[Scraped caption text data]
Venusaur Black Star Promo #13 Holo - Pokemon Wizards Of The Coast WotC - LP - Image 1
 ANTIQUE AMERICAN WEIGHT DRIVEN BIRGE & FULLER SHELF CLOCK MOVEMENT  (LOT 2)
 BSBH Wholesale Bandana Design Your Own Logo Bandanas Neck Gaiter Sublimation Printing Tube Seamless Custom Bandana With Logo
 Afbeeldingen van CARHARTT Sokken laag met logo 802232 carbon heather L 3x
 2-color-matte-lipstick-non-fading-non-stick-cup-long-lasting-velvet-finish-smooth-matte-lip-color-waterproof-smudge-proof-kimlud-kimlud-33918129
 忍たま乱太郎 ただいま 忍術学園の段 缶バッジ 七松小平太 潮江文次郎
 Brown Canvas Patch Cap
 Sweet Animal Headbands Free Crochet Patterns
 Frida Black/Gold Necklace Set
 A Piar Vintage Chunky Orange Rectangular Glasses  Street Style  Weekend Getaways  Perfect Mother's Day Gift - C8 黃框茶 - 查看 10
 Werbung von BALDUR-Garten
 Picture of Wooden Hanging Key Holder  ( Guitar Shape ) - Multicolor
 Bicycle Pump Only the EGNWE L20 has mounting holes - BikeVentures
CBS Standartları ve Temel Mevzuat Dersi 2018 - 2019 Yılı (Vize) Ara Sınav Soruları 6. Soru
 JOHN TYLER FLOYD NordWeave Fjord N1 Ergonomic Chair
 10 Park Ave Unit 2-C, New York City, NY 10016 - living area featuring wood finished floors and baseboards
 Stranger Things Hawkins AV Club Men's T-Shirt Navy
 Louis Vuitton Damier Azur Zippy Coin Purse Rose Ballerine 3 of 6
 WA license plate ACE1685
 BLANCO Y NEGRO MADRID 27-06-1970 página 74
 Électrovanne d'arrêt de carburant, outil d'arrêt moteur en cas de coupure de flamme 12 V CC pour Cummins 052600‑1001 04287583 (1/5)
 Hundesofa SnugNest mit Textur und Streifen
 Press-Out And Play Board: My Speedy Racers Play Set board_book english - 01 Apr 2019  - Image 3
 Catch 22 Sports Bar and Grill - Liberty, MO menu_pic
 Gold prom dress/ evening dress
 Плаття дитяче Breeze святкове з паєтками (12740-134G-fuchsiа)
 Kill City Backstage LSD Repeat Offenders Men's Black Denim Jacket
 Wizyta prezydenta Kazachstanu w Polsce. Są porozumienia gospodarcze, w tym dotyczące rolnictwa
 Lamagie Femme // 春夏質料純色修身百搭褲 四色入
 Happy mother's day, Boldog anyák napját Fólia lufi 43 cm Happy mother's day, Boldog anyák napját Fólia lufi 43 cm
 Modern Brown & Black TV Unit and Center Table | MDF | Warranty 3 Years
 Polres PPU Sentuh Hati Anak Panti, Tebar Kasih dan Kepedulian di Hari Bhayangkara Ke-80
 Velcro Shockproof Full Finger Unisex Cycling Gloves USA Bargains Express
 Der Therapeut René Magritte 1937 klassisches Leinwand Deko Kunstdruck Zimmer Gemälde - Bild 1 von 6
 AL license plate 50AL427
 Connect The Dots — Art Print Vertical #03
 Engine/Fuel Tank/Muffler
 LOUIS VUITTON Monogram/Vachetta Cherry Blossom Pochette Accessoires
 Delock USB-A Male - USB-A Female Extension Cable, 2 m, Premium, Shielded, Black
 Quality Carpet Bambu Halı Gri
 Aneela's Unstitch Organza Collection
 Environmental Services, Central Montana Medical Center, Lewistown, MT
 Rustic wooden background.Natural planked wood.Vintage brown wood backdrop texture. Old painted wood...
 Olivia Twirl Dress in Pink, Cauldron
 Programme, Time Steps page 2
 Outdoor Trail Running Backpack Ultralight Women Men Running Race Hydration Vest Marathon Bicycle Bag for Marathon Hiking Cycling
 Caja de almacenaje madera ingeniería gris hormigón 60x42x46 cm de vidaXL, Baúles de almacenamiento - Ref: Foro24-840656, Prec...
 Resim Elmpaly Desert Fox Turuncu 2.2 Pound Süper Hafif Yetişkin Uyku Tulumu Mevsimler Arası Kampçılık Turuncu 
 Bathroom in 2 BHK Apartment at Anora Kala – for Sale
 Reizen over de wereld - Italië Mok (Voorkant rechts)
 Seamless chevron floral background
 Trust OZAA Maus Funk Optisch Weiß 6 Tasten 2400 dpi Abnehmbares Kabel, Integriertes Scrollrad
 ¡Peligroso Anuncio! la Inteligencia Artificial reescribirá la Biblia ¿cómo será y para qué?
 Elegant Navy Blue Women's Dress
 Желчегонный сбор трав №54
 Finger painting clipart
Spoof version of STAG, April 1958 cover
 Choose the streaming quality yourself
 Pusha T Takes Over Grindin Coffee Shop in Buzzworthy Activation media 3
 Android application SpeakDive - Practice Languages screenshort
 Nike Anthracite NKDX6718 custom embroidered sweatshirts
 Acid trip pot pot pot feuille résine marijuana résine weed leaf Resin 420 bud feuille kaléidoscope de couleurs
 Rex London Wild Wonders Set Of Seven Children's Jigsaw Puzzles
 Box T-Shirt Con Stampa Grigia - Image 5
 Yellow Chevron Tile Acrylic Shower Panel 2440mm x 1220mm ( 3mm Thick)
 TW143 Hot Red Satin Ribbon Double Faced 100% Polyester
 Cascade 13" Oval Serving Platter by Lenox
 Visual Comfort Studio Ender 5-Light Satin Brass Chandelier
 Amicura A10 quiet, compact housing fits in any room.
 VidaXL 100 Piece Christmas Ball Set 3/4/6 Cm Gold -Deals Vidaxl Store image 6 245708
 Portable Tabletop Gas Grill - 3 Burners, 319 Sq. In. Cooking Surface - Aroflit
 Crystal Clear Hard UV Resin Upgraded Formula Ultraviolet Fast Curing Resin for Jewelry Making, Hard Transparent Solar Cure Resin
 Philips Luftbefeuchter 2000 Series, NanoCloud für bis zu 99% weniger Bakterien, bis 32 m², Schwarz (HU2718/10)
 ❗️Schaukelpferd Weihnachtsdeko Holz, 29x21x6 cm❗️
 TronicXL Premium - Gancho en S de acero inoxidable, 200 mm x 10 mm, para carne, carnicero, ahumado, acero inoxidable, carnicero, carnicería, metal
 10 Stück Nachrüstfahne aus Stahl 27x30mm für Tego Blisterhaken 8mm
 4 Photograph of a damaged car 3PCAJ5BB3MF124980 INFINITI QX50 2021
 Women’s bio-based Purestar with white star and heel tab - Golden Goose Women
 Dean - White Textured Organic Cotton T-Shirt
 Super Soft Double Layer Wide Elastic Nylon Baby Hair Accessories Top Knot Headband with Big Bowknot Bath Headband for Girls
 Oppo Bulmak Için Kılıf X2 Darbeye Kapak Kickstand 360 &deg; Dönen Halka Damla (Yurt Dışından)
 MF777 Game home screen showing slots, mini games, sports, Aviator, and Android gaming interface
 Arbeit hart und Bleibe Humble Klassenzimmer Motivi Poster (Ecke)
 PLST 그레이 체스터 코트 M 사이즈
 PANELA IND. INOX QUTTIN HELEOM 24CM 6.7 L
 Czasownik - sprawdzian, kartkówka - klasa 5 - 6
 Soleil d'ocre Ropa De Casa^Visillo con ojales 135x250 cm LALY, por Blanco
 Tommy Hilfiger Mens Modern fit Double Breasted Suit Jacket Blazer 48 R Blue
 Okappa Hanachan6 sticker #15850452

_About this exercise_
Please show every line of the entries above that contains the word "Android".

_Solution for this exercise_
 Android application SpeakDive - Practice Languages screenshort
 MF777 Game home screen showing slots, mini games, sports, Aviator, and Android gaming interface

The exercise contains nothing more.